I mean to say that the four colors allow no color to touch the same color on and edge (but the areas may share a vertex point).

Salem
05-14-2004, 01:42 PM
Ah, the old favourites....
http://www.google.com/search?q=4+colour+map+problem

axon
05-14-2004, 01:51 PM
>>Can anyone prove me wrong?

LOL...pft, why would we prove you wrong, if you didn't come up with that.

BTW, in my data structures and discrete math class, our prof said he will give out an A for the course if anyone can prove the theroem wrong...

Zach L.
05-14-2004, 02:47 PM
>> Can anyone prove me wrong?
Given a satisfactory set of axioms, quite easily.

RoD
05-14-2004, 03:13 PM
>>Can anyone prove me wrong?

Yes. Your are wrong because i am right. I cannot be wrong because i am right. There fore if im always right and you are not me, you are wrong and therefore i have proved you to be wrong.

DavidP
05-14-2004, 03:28 PM
try coloring this map with only 4 colors....

(yes the land formation is completely unrealistic, but still!)

jlou
05-14-2004, 03:39 PM
try coloring this map with only 4 colors....
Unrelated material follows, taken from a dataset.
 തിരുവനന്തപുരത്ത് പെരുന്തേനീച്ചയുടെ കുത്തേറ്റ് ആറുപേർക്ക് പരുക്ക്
(yes the land formation is completely unrealistic, but still!)Make the yellow and the green areas both be green, then make the uncolored area be yellow.

jlou
05-14-2004, 03:42 PM
Or if you wanted to fill in every area:

Glirk Dient
05-14-2004, 03:43 PM
What about a square divided into 4 equal parts(4 smaller squares) and completely surrounded by the same land.

Zach L.
05-14-2004, 04:58 PM
As I said, you just gotta play around with the axioms a bit. Here is a representation of one which (I am fairly sure, correct me if I am wrong) cannot be colored with only four colors. Its been umm... compressed sorta because I have no artistic skill, and a planar 2D space probably would not work for this kind of graph anyway, but the dots are colorable regions, and the lines between them signify that they share an edge.

DavidP
05-14-2004, 05:19 PM
echo Glirk Dient and Zach L.

JaWiB
05-14-2004, 06:59 PM
I'm assuming the theorem does not allow regions to lie entirely around other ones...If that's not the case then Glirk Dient is probably right. I've tried to represent Zach's here on top and Glirk's on bottom. Zach's doesn't seem to work because one of the colors (in this case, the green) would have to cross over another one. (The green could be light blue)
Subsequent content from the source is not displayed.